Eight light standards were erected around Crosley Field, housing a total of 632 individual lamps. When the lights were switched on, the hometown Redlegs, with Paul Derringer toeing the slab, beat the visiting Philadelphia Phillies, 2-1, in front of 20,422 fans.
It was not the first professional ballgame to be played under the lights, however. That occurred five years earlier, in 1930, when a Western League game in Des Moines, Iowa, drew 12,000 fans to watch a team that was averaging barely 600 spectators a game.

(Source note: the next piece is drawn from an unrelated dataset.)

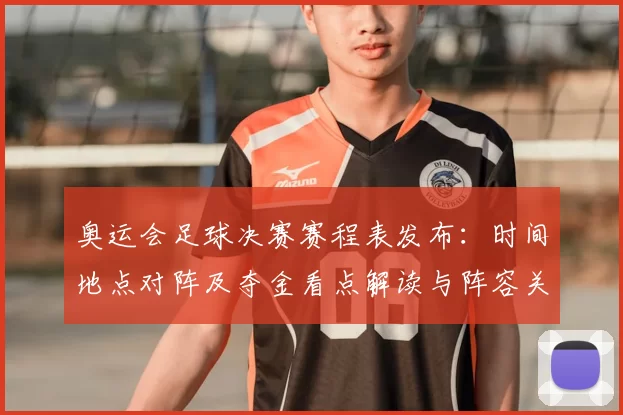 奥运会足球决赛赛程表发布：时间地点对阵及夺金看点解读与阵容关注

Night baseball caught on quickly around the majors, except in Chicago. The Cubs kept it pure for decades, but eventually bowed to the economic pressures of prime-time TV. After playing 5,687 consecutive day games at Wrigley Field, the Cubs finally switched on the lights in 1988. Coincidentally, the Philadelphia Phillies were the opponent for that milestone as well.
On a side note, the Reds and Cubs figure in another of baseball’s technology firsts: The season before lights came to Crosley Field, the Reds became the first major league club to travel by plane, flying from Cincinnati to Chicago on June 8, 1934.